You obviously haven't seen DeepSeek v4 Pro's pricing if you think pricing only goes up...
- bakugo 5 days ago
  
  Maybe so, but that becomes irrelevant when you consider that the new, better quality instantly becomes the expected baseline. So the price of the "baseline" quality is going up regardless.
  Let's look at GPU prices as an example. Around 12 years ago, I bought a GTX 970 for around $350. That was considered a very good GPU at the time. Today, the "equivalent" GPU model (RTX 5070) now costs almost double. Of course, the newer GPU is much more powerful (more than double, in fact), but all the things you'd use a GPU for have also advanced and now expect an entirely new level of performance as a baseline, such that the older GPU is fairly worthless today. So most people agree that GPUs in general have become more expensive.
  Regarding DeepSeek's price: it's obviously subsidized, and unlikely to match the actual inference cost right now.
abalashov 5 days ago
Just wait for the next model and the next model architecture. Just wait for it, bro.
- onlyrealcuzzo 5 days ago
  
  Gemini 3.5 flash is 25% cheaper than 3.1 pro, and outperforms it on almost every benchmark, most by a pretty wide margin...
  
  3 replies →
trollbridge 5 days ago
Grab a 5090 and run Qwen 3.6 35b on it (6 parameter seems to work best for me).
Then buy $10 (or $2, if you're cheap, and they take PayPal) of DeepSeek credits.
Whilst you're at it spring for a Claude subscription too and GPT.
Switch models between Qwen, DeepSeek Flash, DeepSeek Pro, and you can meet 99% of your code generation needs.
Hop over to Opus 4.7 (or 4.8, but I haven't really used it yet) and GPT-5.5 when doing very complex architecture/design or troubleshooting something where DeepSeek Pro is getting stuck.
It is ridiculous how cheap this stuff is now. It's affordable at third world prices.
- Supermancho 5 days ago
  
  None of that is cheap.
  > spring for a Claude subscription too and GPT.
  You started with some random pricing then veered off into impractical hand waving. Far above third world prices...unless you count the USA as third world, I guess.
  
  1 reply →

AllegedAlec 5 days ago

> The actual cost is going to drop 99% in ~4 years.

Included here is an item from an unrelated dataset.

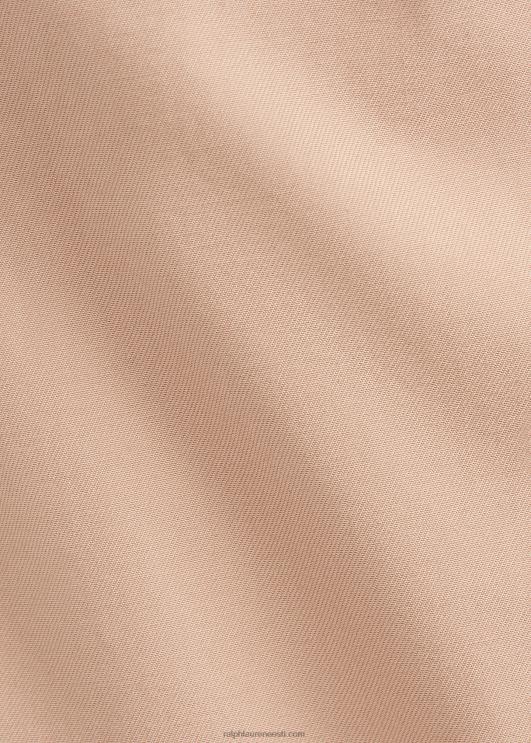 Ralph Lauren mehed ohvitser chino püksid PR0V1776 päike pleekinud roosaks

And fusion power is just 2 decades into the future!

jjav 5 days ago

Full self driving guaranteed here before the end of the year (every year).

mrandish 5 days ago

> The actual cost is going to drop 99% in ~4 years.

We have little visibility into current frontier model costs at mass scale. As a broad historical trend, tech costs tend to fall over longer time periods but your claim far exceeds Moore's Law rates in its heyday - and that heyday is long gone.

In 2021 TSMC announced it was increasing it's price per gate for new nodes for the first time in its history. In the past five years cutting edge nodes have delivered ~8-15% real-world performance gains on average at costs at least 10-20% more than the last node. If you're positing a string of unprecedented efficiency breakthroughs in LLM algorithms - such extraordinary claims require extraordinary evidence.